In her small Hanoi apartment, tattoo artist Ngoc inks a middle-aged woman whose life has been disrupted by divorce and illness. Each woman seeks healing through an art form that is still mostly taboo in Vietnam.
Attitudes have changed, but tattoos remain associated with communist broad-conservative country gangsters, prostitution, and underground criminals.
“I met a lot of women who said they liked tattoos, but they were born when no one supported tattoos,” Ngoc, who is called “Ngoc Like,” told AFP.
However, some have chosen to oppose those old ideas, seeing body art as a liberation from some of the strict social norms they have lived in.
Inking is often a milestone in the lives of these women, says Ngoc, 28.
“They have a personal desire to overcome the fear of social prejudice and renew themselves … to open a new chapter in life.”
Educated and business savy, Ngoc was ridiculed when she started as a tattoo artist less than a decade ago. Many thought she had no choice but to enter the industry.
But for high school teacher Tran Ha Nguyen, tattooing was a post-divorce celebration of her “conservative and solid” husband.
She chose a daisy design for her thighs. It’s so high that no one can see it unless you’re wearing a bikini.
Also, 46-year-old Nguyen Hong Tai, who recovered from trauma, put a rose tattoo on her stomach scar a few months after her husband died of lung cancer and said “forever in my heart” on her arm. I put in.
He always wanted her to be inked.
“He’s gone. He think I’d be stronger and I would have wanted to be the one I’ve always been with.”
“Tattoos gave me strength and confidence (to do it),” said the Thai with a big smile.
Ngoc has decided to focus its tattoo work on women with physical and mental injuries.
Demand is rising-her schedule is completely full, she says.
Her average monthly income per capita is less than $500, and her clients in Hanoi are often willing to spend twice as much on body art.

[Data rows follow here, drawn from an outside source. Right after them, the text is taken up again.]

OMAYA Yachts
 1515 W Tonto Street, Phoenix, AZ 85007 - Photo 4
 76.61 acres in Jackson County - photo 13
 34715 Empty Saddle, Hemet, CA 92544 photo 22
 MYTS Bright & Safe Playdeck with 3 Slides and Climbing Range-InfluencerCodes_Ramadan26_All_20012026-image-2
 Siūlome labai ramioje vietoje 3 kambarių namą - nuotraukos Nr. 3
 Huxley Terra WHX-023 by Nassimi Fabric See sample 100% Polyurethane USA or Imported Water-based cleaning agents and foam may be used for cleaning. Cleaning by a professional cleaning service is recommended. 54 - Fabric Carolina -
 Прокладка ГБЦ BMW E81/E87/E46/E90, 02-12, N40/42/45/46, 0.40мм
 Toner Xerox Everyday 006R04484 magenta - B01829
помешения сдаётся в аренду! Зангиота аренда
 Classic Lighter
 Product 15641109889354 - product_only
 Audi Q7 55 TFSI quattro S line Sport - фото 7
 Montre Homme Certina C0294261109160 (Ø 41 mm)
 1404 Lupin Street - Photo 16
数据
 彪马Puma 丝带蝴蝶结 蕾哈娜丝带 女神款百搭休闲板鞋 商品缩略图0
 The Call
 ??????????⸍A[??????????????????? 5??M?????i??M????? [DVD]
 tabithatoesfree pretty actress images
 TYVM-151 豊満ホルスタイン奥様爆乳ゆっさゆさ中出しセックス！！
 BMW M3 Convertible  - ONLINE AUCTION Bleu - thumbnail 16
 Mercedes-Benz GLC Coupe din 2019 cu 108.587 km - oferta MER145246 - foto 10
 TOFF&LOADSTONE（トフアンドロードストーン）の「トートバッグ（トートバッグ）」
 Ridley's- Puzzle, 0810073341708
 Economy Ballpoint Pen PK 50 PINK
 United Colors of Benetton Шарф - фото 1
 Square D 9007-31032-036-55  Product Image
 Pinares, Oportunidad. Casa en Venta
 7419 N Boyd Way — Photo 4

One of them, 33-year-old office worker Fong (not his real name) has been ashamed of her body since the appendicitis surgery left an “ugly” vertical scar 14 years ago.
“I thought about going to the clinic to see if they could get rid of the scars.
“But I wondered: why can’t I tattoo to hide it?”
Her eyes are anxious and tightly closed, Fong lies in a chair, waiting for the needle to begin marching across her midriff.
This is “not just beautification … the beauty here gives women the chance to be themselves,” says Ngoc.
A few hours later, when I looked in the mirror and saw a row of pink flowers behind her stomach, Fon’s face grinned.
“But the most important thing is that I live for myself. Life will be more interesting if I can lose the shame around the scars.”